** Opening Dataset extract block **
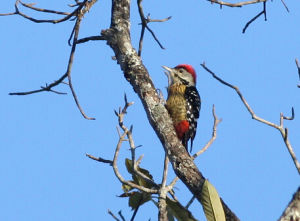 紋胸啄木鳥 紋胸啄木鳥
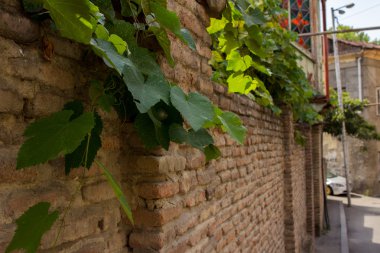 tuğla duvar üzüm eski şehir ile
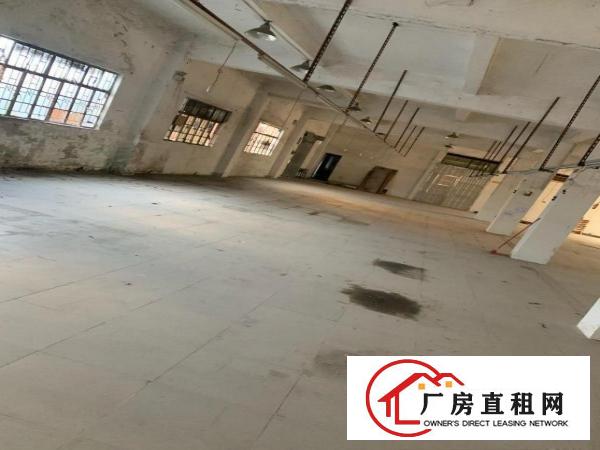  一手房源二层半厂房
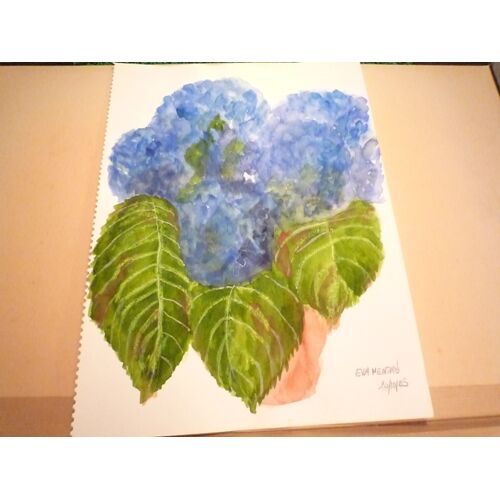 Aquarelle Originale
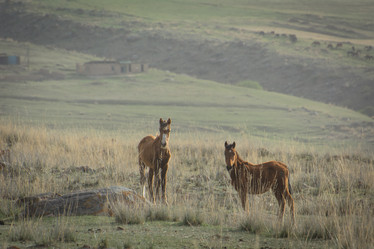 Similar image 21890745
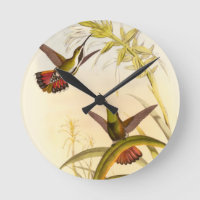 Two Colorful Hummingbirds Aiming for Same Flower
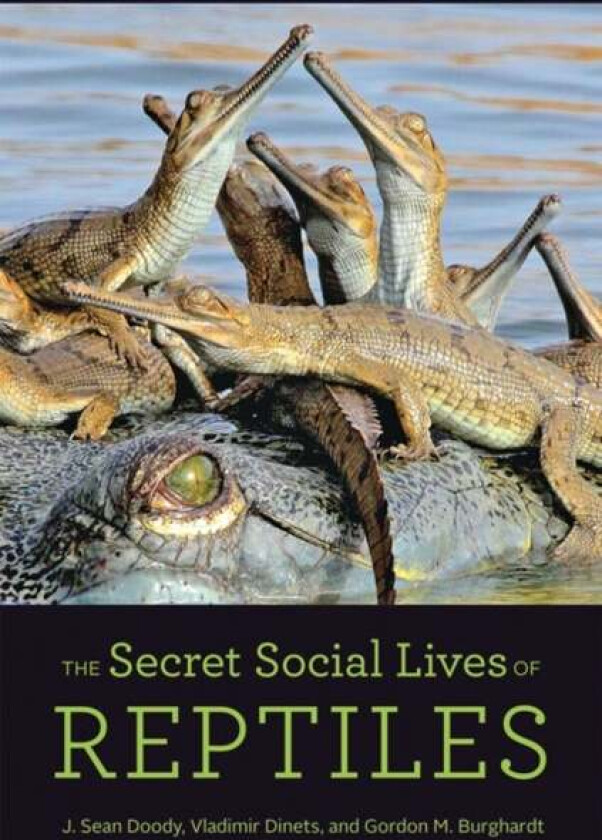 The Secret Social Lives of Reptiles av J. Sean (University of Tennessee) Doody, Vladimir (University of Tennessee Knoxville) Dinets, Gordon M. (Alumni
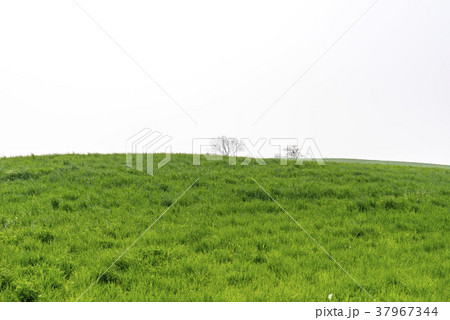 山 空 韓国 37967344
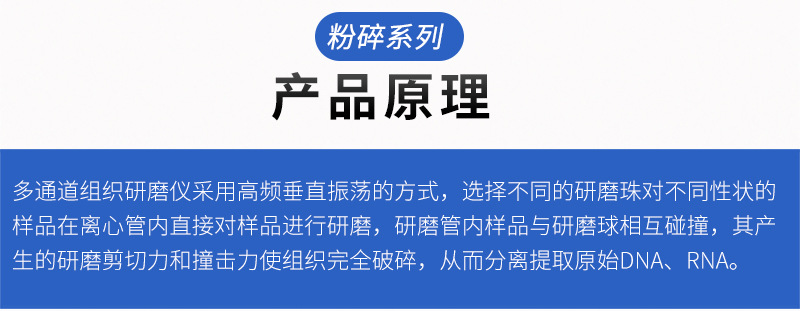 多通道组织研磨仪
** Closing Dataset extract block **
> Exercise aim:
Reprint the entries above exactly, images removed.

> Answer to this exercise:
 紋胸啄木鳥 紋胸啄木鳥
 tuğla duvar üzüm eski şehir ile
  一手房源二层半厂房
 Aquarelle Originale
 Similar image 21890745
 Two Colorful Hummingbirds Aiming for Same Flower
 The Secret Social Lives of Reptiles av J. Sean (University of Tennessee) Doody, Vladimir (University of Tennessee Knoxville) Dinets, Gordon M. (Alumni
 山 空 韓国 37967344
 多通道组织研磨仪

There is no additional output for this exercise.